I didn't want to put the hypothesis a < b every time I invoke the function f a b, so I made the hypothesis implicit.
But then the example line gives me the following (rather confusing for me) error.
don't know how to synthesize placeholder
context:
a b : ℕ,
h : a < b
⊢ a < b
To the best of my knowledge the value of h : a < b does not affect f a b h at all because all proofs of a proposition is considered equal in lean, and I believe it can be also shown by rfl. The seemingly obvious placeholder message makes me confused further. Your insight on why is it happening, and what can we do to make it work would be much appreciated here.
Julian Berman (Apr 27 2022 at 02:21):
I'm no expert, but I think from what I've seen, fundamentally the recommendation is to not try to define partial functions like that. Instead define a total function which returns garbage outside the range you care about, but when you prove things about your function, now you can include the hypothesis that the value is in the range where it makes sense.
E.g. in Lean you can indeed divide by zero, and get some garbage value, but no mathematically meaningful proof will do so (with the caveat that sometimes things indeed do do so because the garbage value sometimes conveniently simplifies proofs!)
Kyle Miller (Apr 27 2022 at 02:46):
Implicit arguments are solved for using unification. The "don't know how to synthesize placeholder" error means that there was nothing in the expression that led Lean to fill in a value for h using unification alone.

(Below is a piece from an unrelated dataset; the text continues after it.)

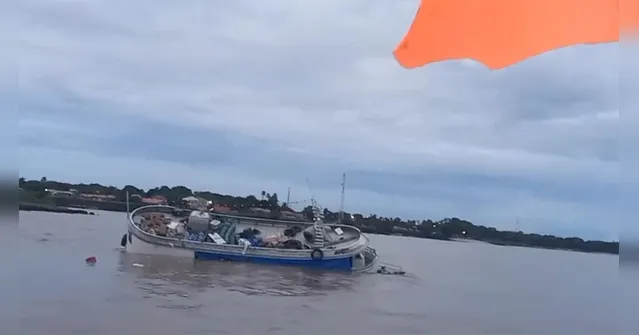 Imagem ilustrativa da notícia Barco com pelo menos 60 passageiros naufraga no Marajó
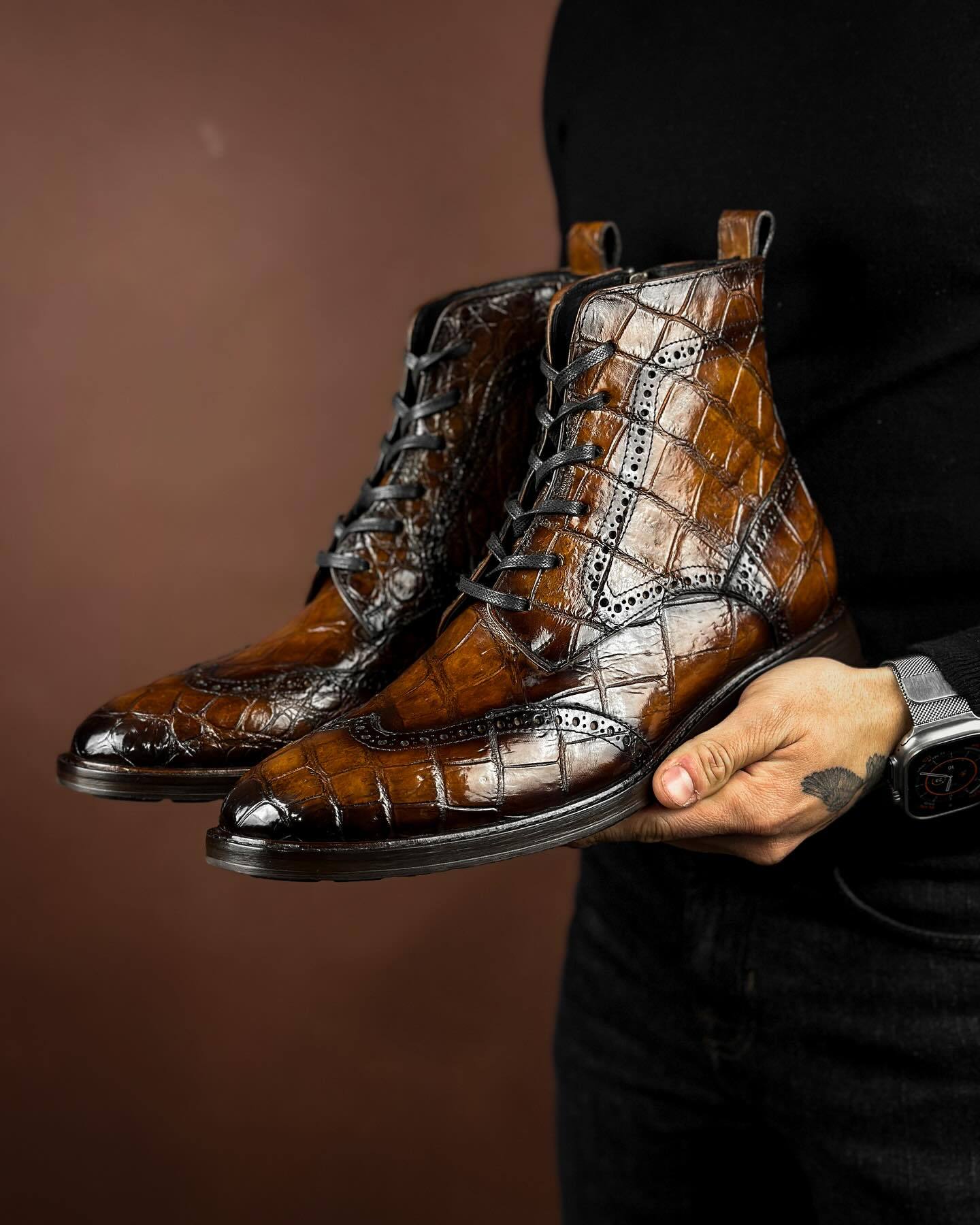 Lace-up dark brown crocodile leather gentleman boots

It's true that all proofs of propositions are equal to each other, but Lean won't try to synthesize a proof for you for implicit arguments.
You can tell Lean the name of a tactic to use, though, to try to synthesize a proof for optional arguments. For example, if you expect h to always be a local variable, you can use tactic.assumption.
import tactic.basic
def f (a b : ℕ) (h : a < b . tactic.assumption) : ℕ := a + b
example (a b : ℕ) (h : a < b) : f a b = f a b h := sorry
-- notice that we can still pass `h` ourselves if we want
Another choice is obviously to use the tidy tactic (or whatever it is that obviously is set to do).
Junyan Xu (Apr 27 2022 at 03:30):
I wonder if people have considered using d : Π (i j : ι) (h : c.rel i j . tactic.omega), self.X i ⟶ self.X j to define docs#homological_complex; what would be the advantage/disadvantage compared to the current approach? (tactic#omega is probably too powerful for this purpose.)
Jineon Baek (Apr 27 2022 at 17:32):
Thank you for all of your input. Both directions (not using partial function / using tactic synthesis) help practically. @Kyle Miller May I ask what is exactly meant for 'unification'? My guess is that it is a process of deriving what is equal to what from the assumption that two things are equal, like from f a 3 = f 4 bwe infer a=4 and 3=b. Also, I wonder if such tactic synthesis is also possible in lean4 - I'll defer this question to lean4 if needed.
Last updated: Dec 20 2023 at 11:08 UTC